This framework seems skewed to me. It purports to be an open-minded exploration while tacitly accepting too much of the status quo. “SI [Sports Illustrated] is not advocating paying college players,” Dohrmann states at the outset. “That’s a decision best left to college administrators.” Embedded there is a presumption that those administrators unilaterally can and should decide whether or not to pay their key talent. Why should they? What boss would give up discounted labor, especially when the resultant savings have been distributed among the bosses and coaches themselves?

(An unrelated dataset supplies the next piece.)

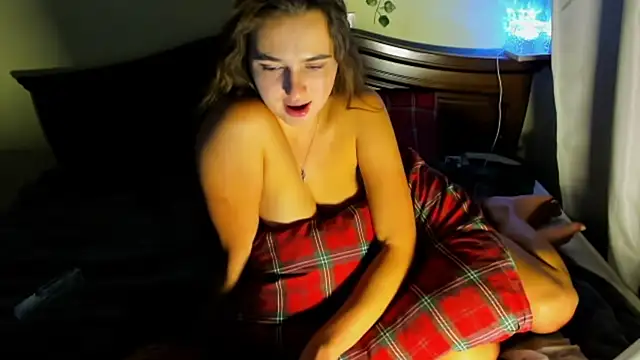 XXX chat uživo modela emma77_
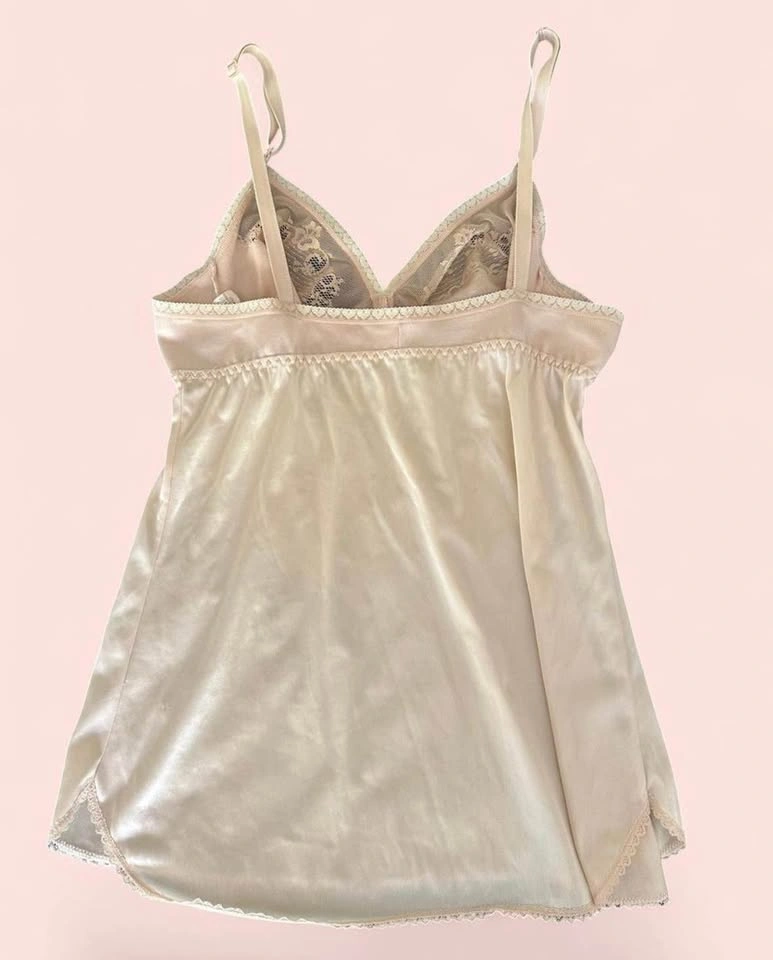 Vintage Lace Cream Cami!🌷💗🤍 - photo 2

I suggest a more basic starting point. Who should be involved in decisions about pay for college players? Does exclusion from the process exploit them inherently? If athletes are entitled to bargain for their own livelihood, like other citizens, then colleges must be free to pay them or not. A market would evolve. Salaries for coaches doubtless would decline. The overall college community, including the players, would make decisions about whether and how big-time sports are compatible with education. Players would cope straightforwardly with separate standards in two careers, academics and (often) commercialized sports.

Currently the system is rigged by a shaky cartel agreement through the NCAA. My survey of NCAA history, which appeared in The Atlantic, is now expanded and current for $3.99 in a Byliner.com ebook, “The Cartel,”. By confronting the hoax of amateurism, Sports Illustrated could re-build George Dohrmann’s worthy model on a sounder basis.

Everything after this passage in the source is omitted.